Брошена! До сегодняшнего дня я и не подозревала, сколько горечи и безысходности таит в себе это невинное слово. Когда тебе дают от ворот поворот, чувствуешь себя жалкой, ничтожной, достойной лишь сострадания, а то и презрения.
В первое мгновение после ухода Маркуса меня охватывает страстное желание кому-нибудь позвонить и в подробностях описать, какая беда свалилась на мою бедную голову. У меня есть единственный настоящий конфидент и советчик — Сюзанна. Трясущейся рукой достаю телефон, но тут вспоминаю, что мы с Сюзи, можно сказать, поругались, причем не по пустяку, а именно из-за Маркуса. Расскажи я ей сейчас, что он меня бросил, она непременно заявит: я же говорила! Мне этого не вынести.
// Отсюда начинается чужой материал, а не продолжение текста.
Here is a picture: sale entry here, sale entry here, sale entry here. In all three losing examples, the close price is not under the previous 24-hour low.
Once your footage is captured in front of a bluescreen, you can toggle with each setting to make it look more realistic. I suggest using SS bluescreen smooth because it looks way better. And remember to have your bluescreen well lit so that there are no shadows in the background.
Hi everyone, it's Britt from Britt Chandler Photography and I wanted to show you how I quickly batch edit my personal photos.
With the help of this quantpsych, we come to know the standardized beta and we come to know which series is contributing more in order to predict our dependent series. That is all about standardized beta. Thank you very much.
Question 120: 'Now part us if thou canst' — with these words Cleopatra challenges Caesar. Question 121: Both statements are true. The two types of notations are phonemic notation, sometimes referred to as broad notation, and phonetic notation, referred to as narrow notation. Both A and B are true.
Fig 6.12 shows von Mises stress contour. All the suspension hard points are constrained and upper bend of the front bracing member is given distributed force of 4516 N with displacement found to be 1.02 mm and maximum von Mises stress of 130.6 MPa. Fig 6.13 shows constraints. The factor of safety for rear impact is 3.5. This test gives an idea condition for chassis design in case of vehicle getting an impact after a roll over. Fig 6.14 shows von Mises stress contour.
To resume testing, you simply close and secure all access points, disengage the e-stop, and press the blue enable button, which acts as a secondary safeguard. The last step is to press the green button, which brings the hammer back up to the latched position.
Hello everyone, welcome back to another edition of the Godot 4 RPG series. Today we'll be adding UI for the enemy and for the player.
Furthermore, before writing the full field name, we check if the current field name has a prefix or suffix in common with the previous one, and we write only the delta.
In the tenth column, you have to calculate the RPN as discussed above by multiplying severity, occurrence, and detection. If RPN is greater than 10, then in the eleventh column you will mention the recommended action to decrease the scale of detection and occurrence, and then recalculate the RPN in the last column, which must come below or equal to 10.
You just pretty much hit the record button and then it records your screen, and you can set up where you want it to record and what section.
Качаю головой, откладываю телефон и остаюсь со своим горем одна-одинешенька. На глаза вновь наворачиваются слезы, и с ними капля за каплей выходят наружу отчаяние и боль. Увы, им на смену тотчас является новое страдание, точнее его внутри столько, что вовек не выплачешь, и кажется, этому аду не будет конца.